Which States Are the Best and the Worst For Women to Live In?

Did you know that today is Women's Equality Day? It's sort of a testimony to the lack of emphasis America places on the rights of women that you probably didn't. August 26 was selected to commemorate the passage of the 19th Amendment to the U.S. Constitution, which granted women the right to vote in 1920. Kind of a big deal for half the population. 


In the U.S., equality depends an awful lot on where you live. A new WalletHub study finds that gender-based disparities vary widely from state to state. The study examined 10 key metrics, including the gap in the number of female and male executives, differences in life expectancy, and political representation.

Turns out the Hawaii is the best state in America for females to live, followed by New York and Maryland (see the complete ranking). California falls lower down the list, at #12, and Texas ranks a dismal #47. But even Texas is not the worst state for women. That dubious distinction goes to Wyoming. Utah is no picnic either, coming in at second-to-last (might have something to do with all that Mormon sexism).

If the gap in pay is your chief concern, then Arizona is a great place to live, ranking top in that category (Mississippi is the worst). On the other hand, if you're more interested in political representation, head to to New Hampshire, which has the smallest gap between men and women (Arkansas has the highest).

As a country, the U.S. does not do very well compared to many other nations when it comes to how we treat women. According to the 2013 Global Gender Gap Report, the U.S. ranks #33 on the Health & Survival metric, and #60 on the Political Empowerment metric. On Wage Equality, we're at a shocking #67.
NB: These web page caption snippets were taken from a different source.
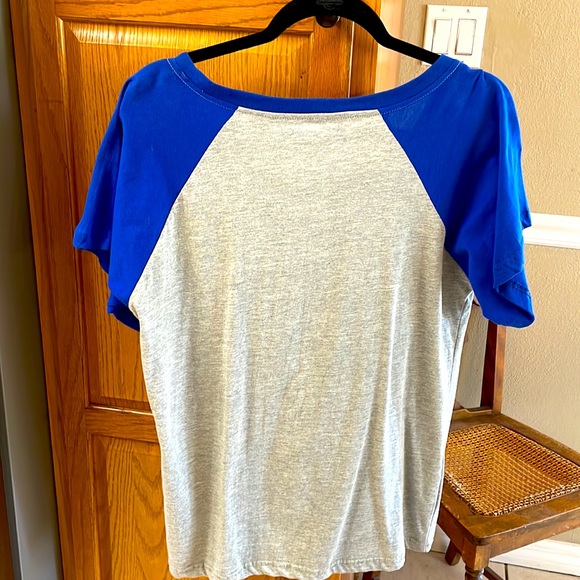 University of Florida women’s gator, shirt, extra-large - Picture 3 of 4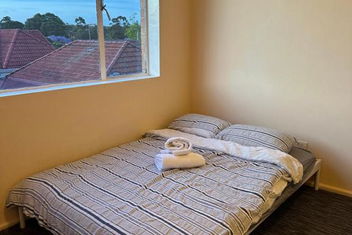 Bowden Lodge Marrickville with Sydneys Hotel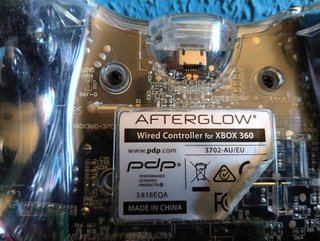 Mando para Xbox 360 con conexión por cable.
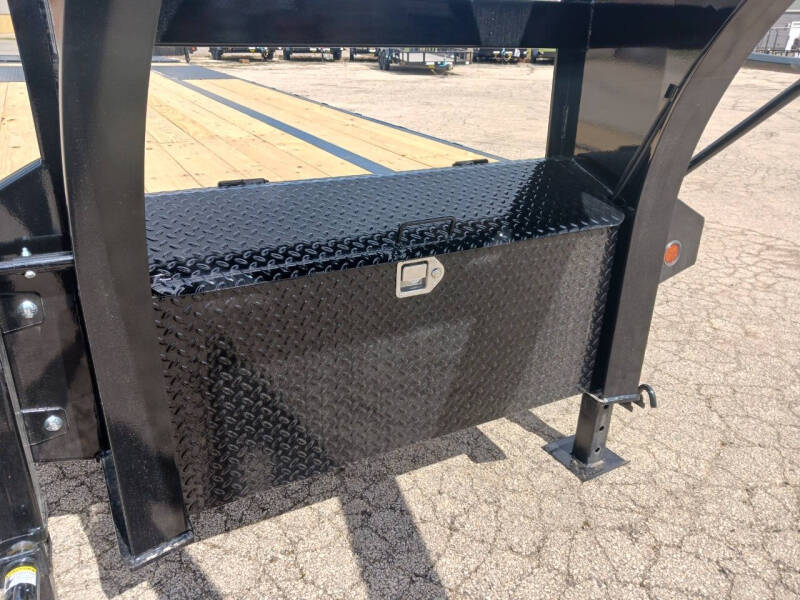 2026 PJ Trailers LD 32' Gooseneck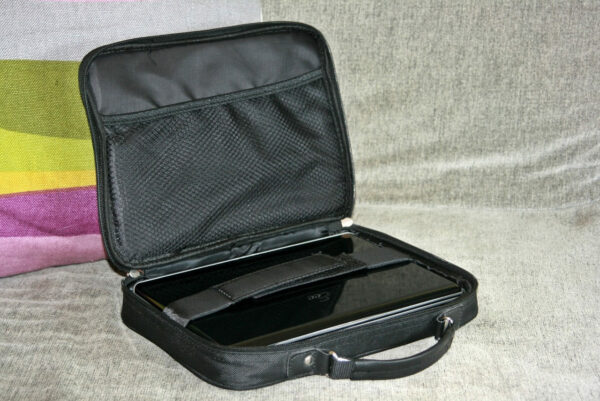 Netbook bzw. Mini-Laptop in Tasche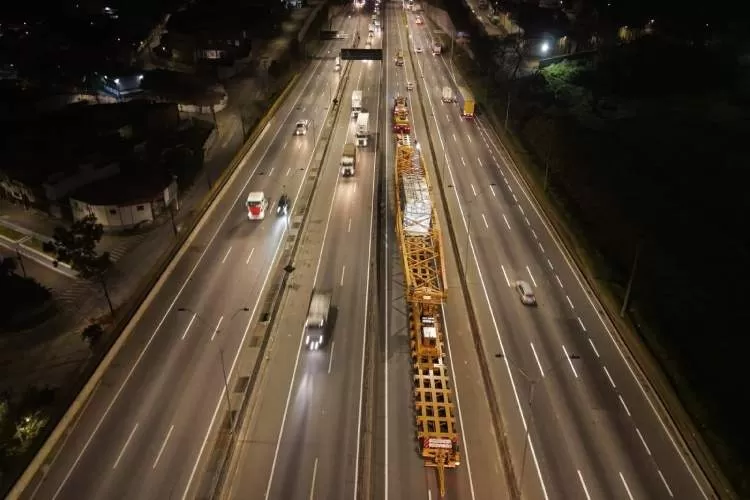 Operação na Via Dutra para passagem de carreta de 136 metros é retomada nesta segunda-feira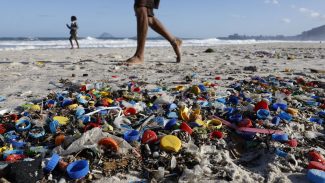 Micro e nanoplásticos contaminam água, ar e alimentos, mostra estudo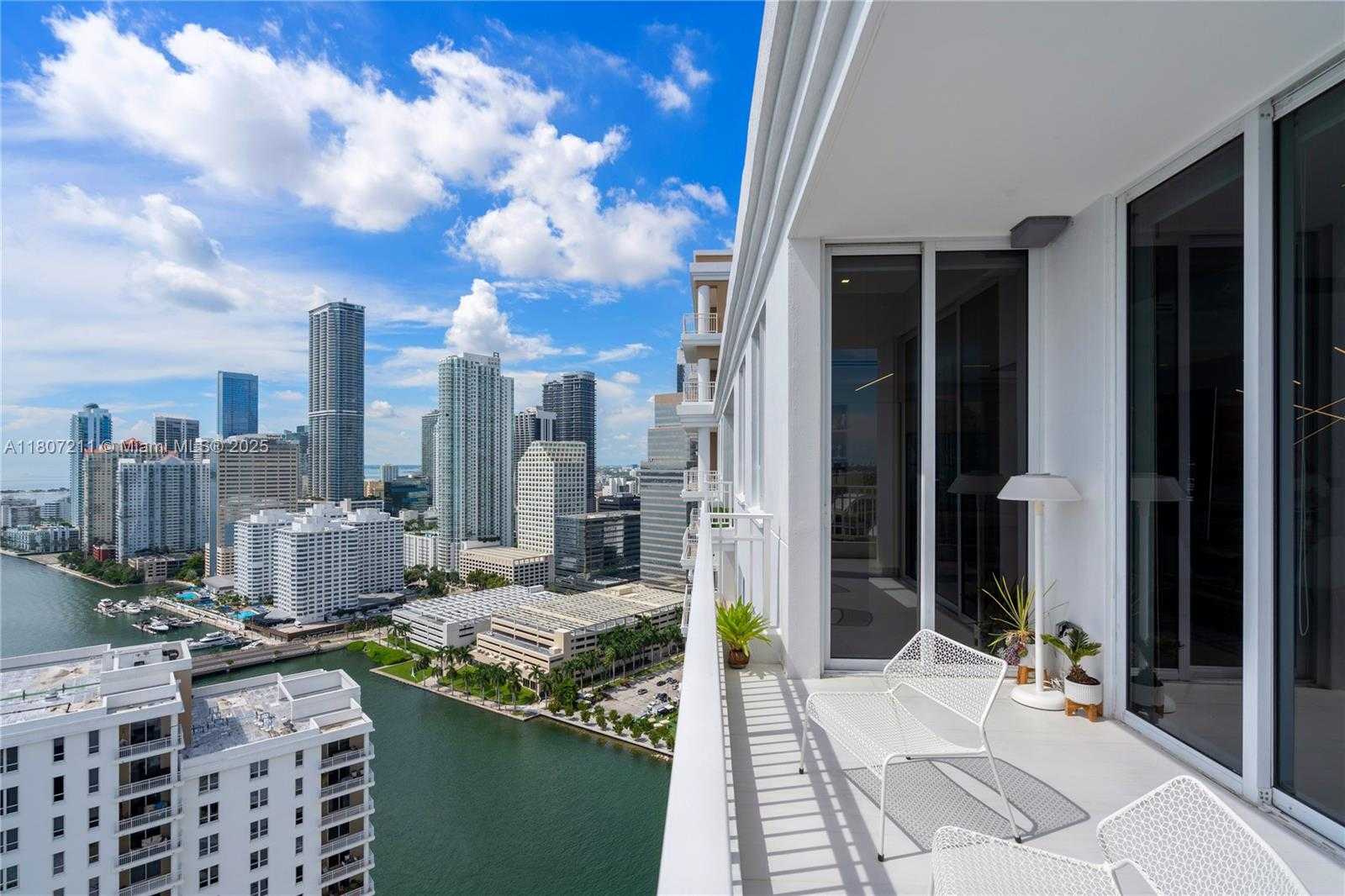 Small Image of 801 BRICKELL KEY BLVD #PH 3311, Miami Number 14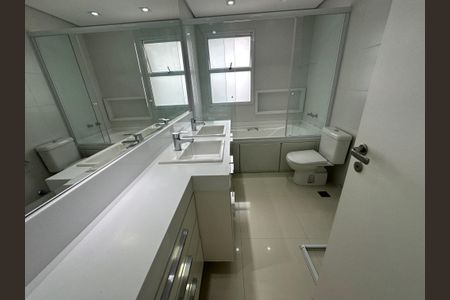 Apartamento para alugar com 243m², 3 quartos e 4 vagasBanheiro da Suíte 3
What are we doing wrong? Well, among other things, we place impossible demands on working women trying to raise families, with work/family policies that make much of the world shudder. Many members of the U.S. Congress do not understand how the female reproductive system works, and campaign tirelessly to restrict the freedom of women to make choices about their health. Our lack of a national healthcare system, stingy social safety net, and lack of protection for low-wage workers who suffer everything from frequent changes in shifts to wage theft also negatively impacts women. Women are still paid less than men at every educational level and in every job category.

In short, America is not getting the job done on gender equality. It would help if we saw this problem not just as a "women's issue," but a key factor in the success of our whole society and economy.